Image Credit: Bob Boz / Shutterstock

The ISO definition of traceability concerns the ability to trace the history, application and location of that which is under consideration, and for products this can include the origin of materials and parts, the processing history and the distribution and location of the product after delivery.

In a fisheries and agriculture context, traceability means being able to identify the origin (where it was harvested), every point it changed hands, what happened to it (processing, value adding, etc), what products came from it, and its distribution into the supply chain.

A pandemic on the other hand is the spread of a disease over a wide geographic area. COVID-19 is a global pandemic affecting many countries.

So what do they have in common?

Contact tracing

In almost every press conference on COVID-19 you would have heard the words “contact tracing.” According to the WHO, contact tracing is an intervention to contain the spread of a disease by identifying and monitoring all the people who have come in contact with an infected person.

In traceability terms you are essentially tracing the origin of the disease, who it infected and how, where they have been and when, and who the infected persons have come into contact with since getting the infection. Much like food supply chains this can create a convoluted web of linkages as potentially infected people are contact traced.

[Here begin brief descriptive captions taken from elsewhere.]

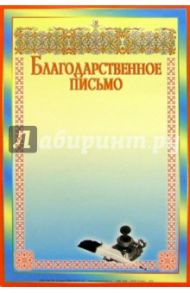 14Ф-008/Благодарственное письмо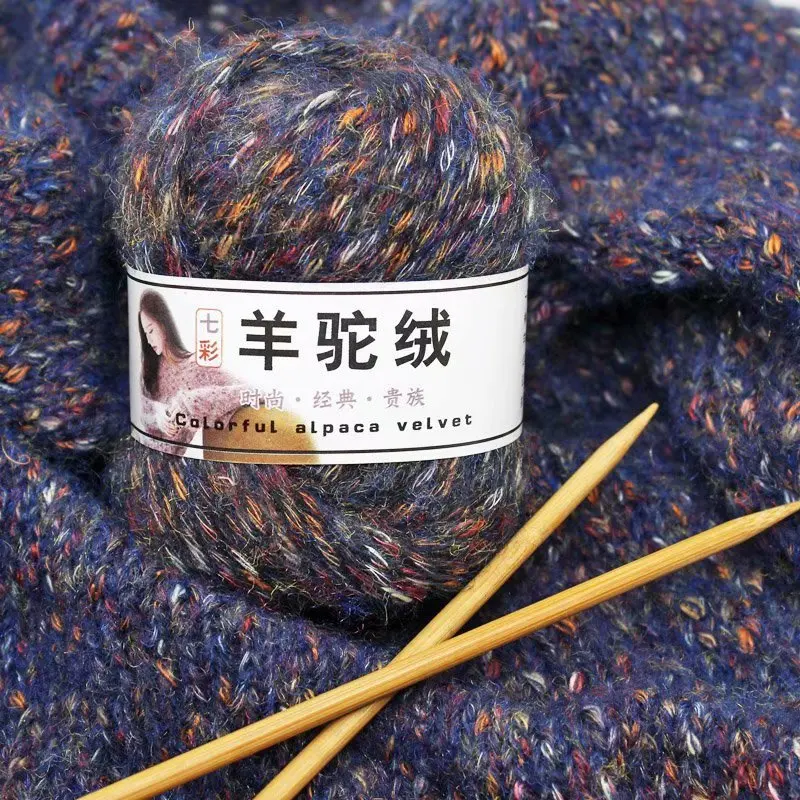 50g/ Ball Multicoloured Alpaca Wool Ball Hand Knitted Scarf Sweater Baby Thread Coat Mohair Rod Knitting Yarn All Season Rod Cro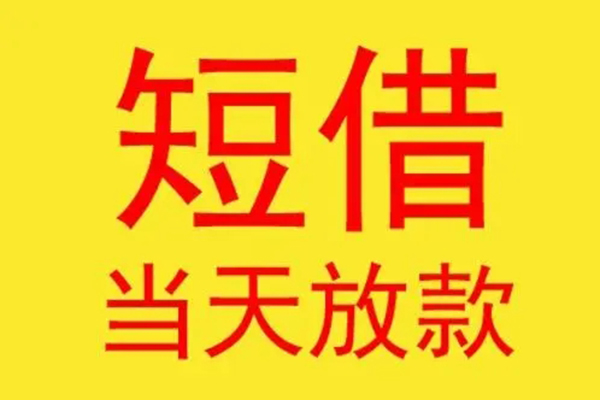 东莞11借钱找谁-东莞11借私借-东莞11短借空放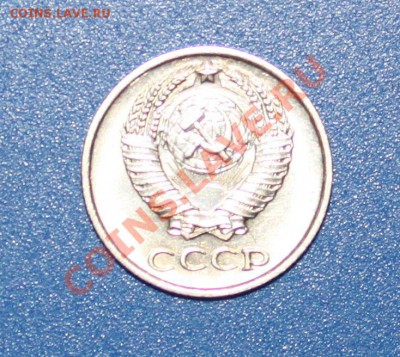 Нечастая 10 копеек 1965 СССР до 20.01.2013 22:30 МСК - 04.JPG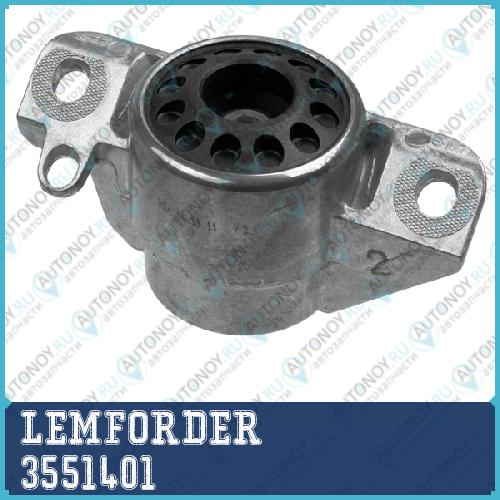 Опора амортизатора задняя Audi A4 (B8) Q5 (8R) 3551401
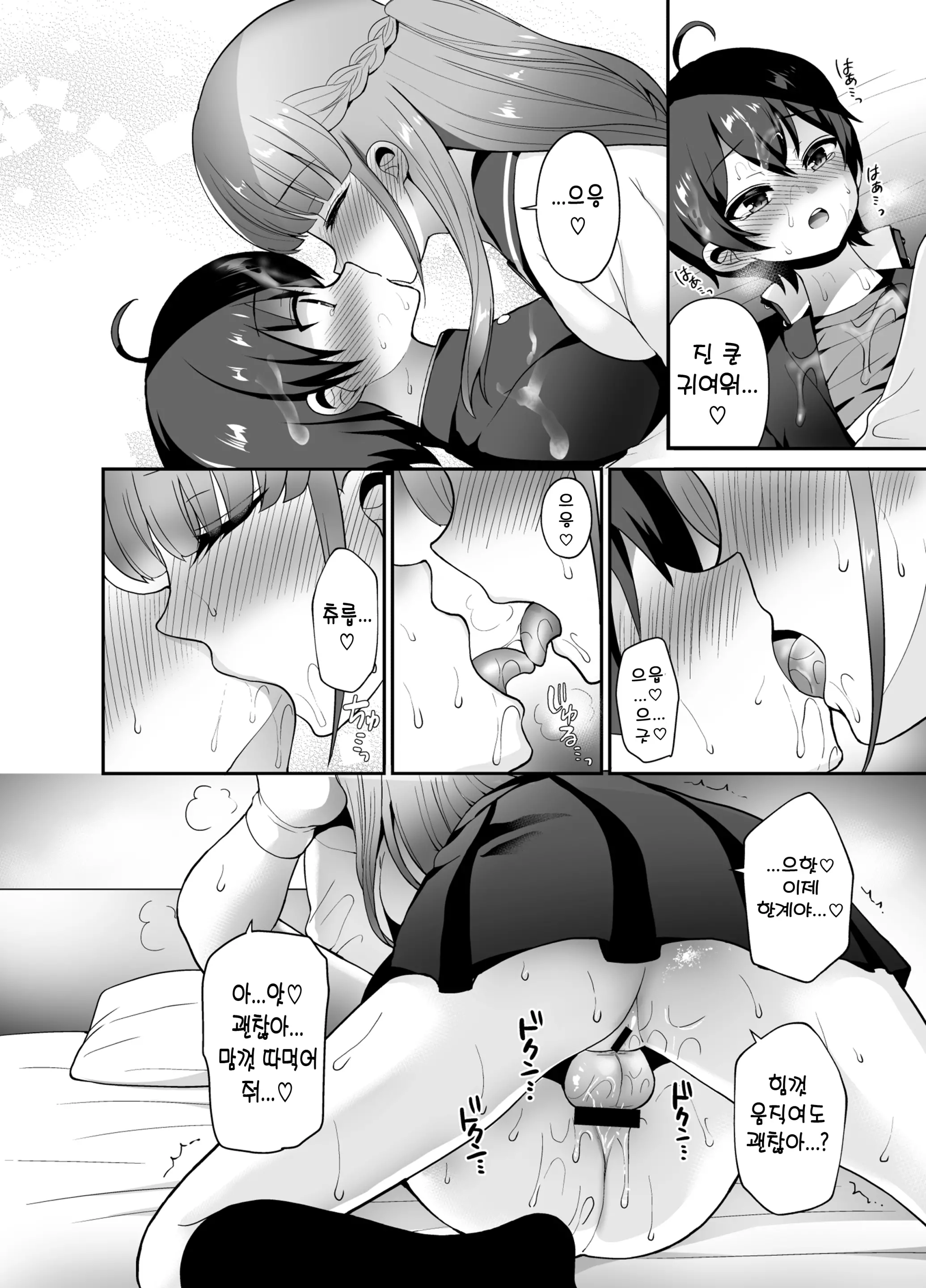 웹툰 이미지 17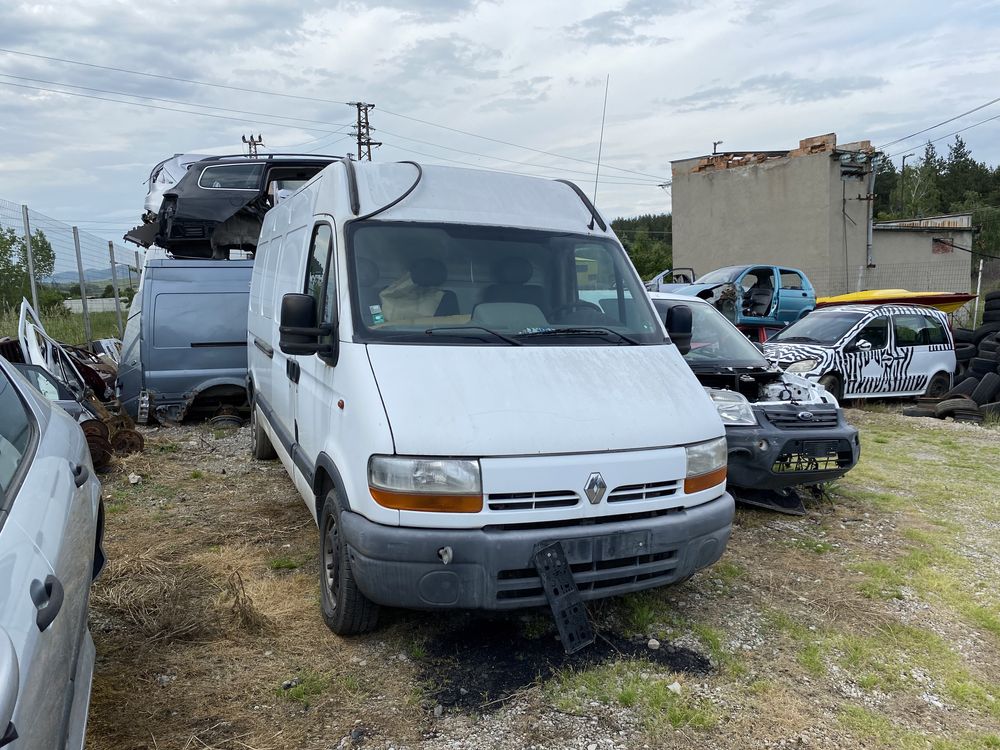 Renault Master dci НА ЧАСТИ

Electronic data management is important

As each contact is traced, key pieces of information are recorded and maintained, much like Key Data Elements (KDEs) in supply chain traceability. This information can grow exponentially as more contacts are recorded which requires the need for good data/information management systems to be in place.

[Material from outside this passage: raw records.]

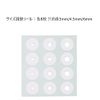 [2 drugs] Spiel plaster One Touch EX SPAM 12 sheets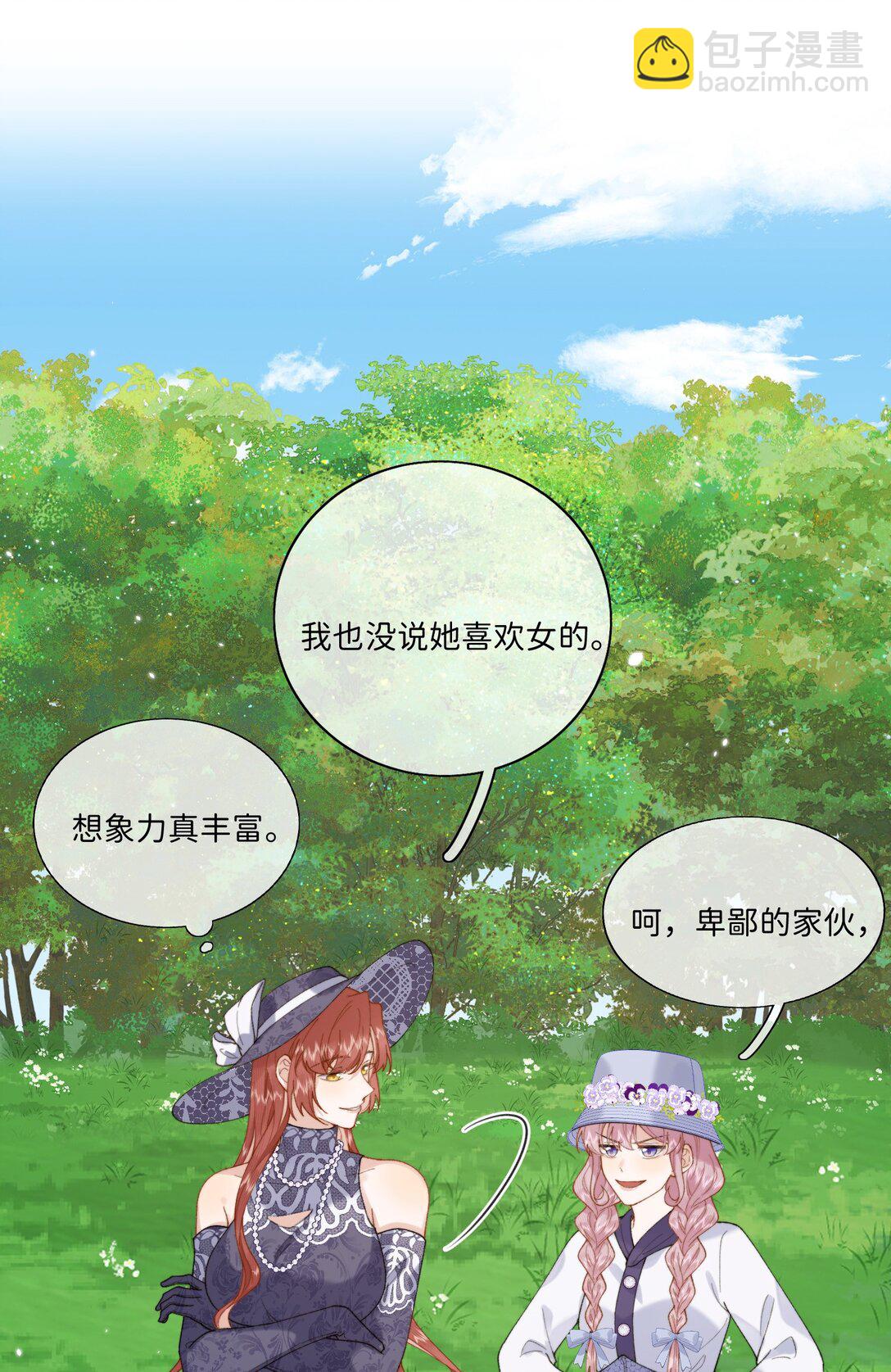 044 如果我被欺负的话-第45话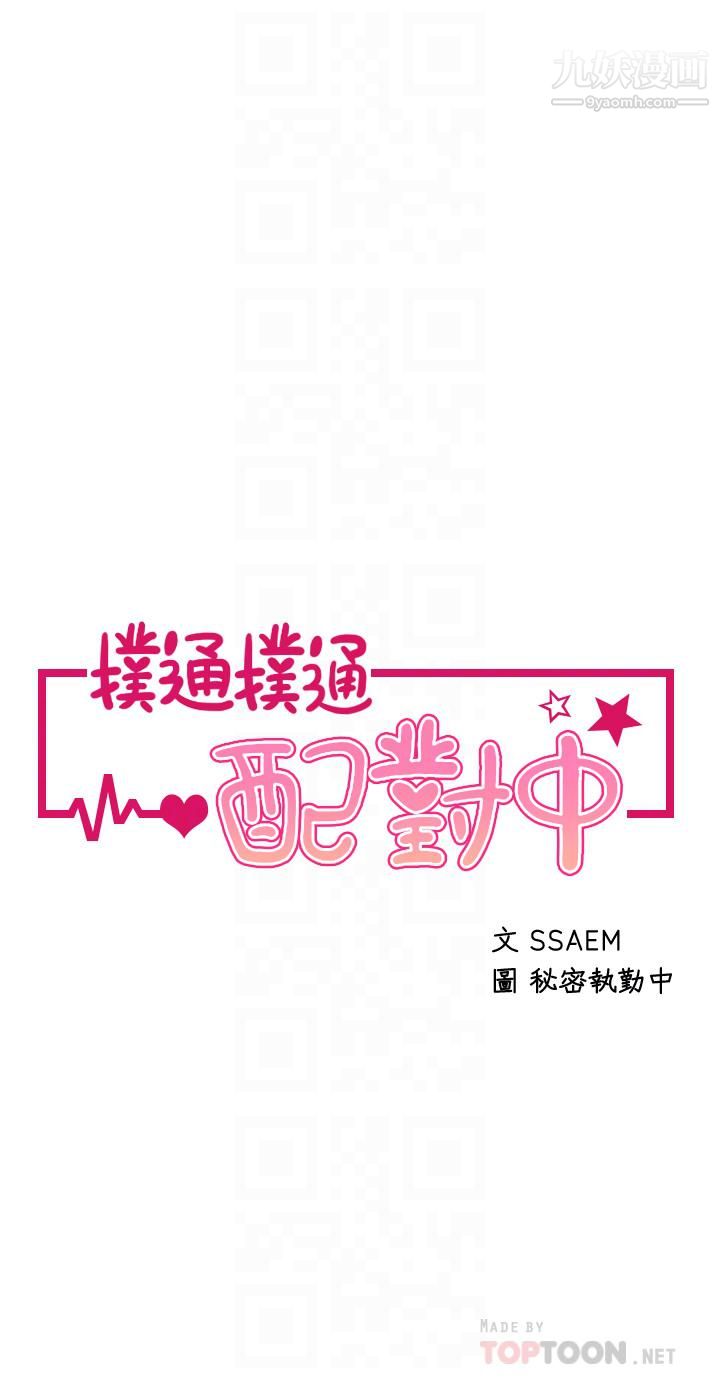 扑通扑通配对中第17话-好朋友最爱的小粉红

In contact tracing it is important to have good digital systems to manage and share data in a timely manner with everyone that needs it – the difference could be life or death. Whereas in food traceability, seafood in particular, it could be the difference between determining whether a seafood product is Illegal, Unreported and Unregulated (IUU) or non-IUU.

We offered our services to the Ministry of Health and Medical Services (MoHMS) to support any data management or contact tracing needs and were pleasantly surprised to learn that the MoHMS team had invested in a digital system that was about to go online. Fiji’s response to the COVID-19 pandemic will no doubt be strengthened with this system in place.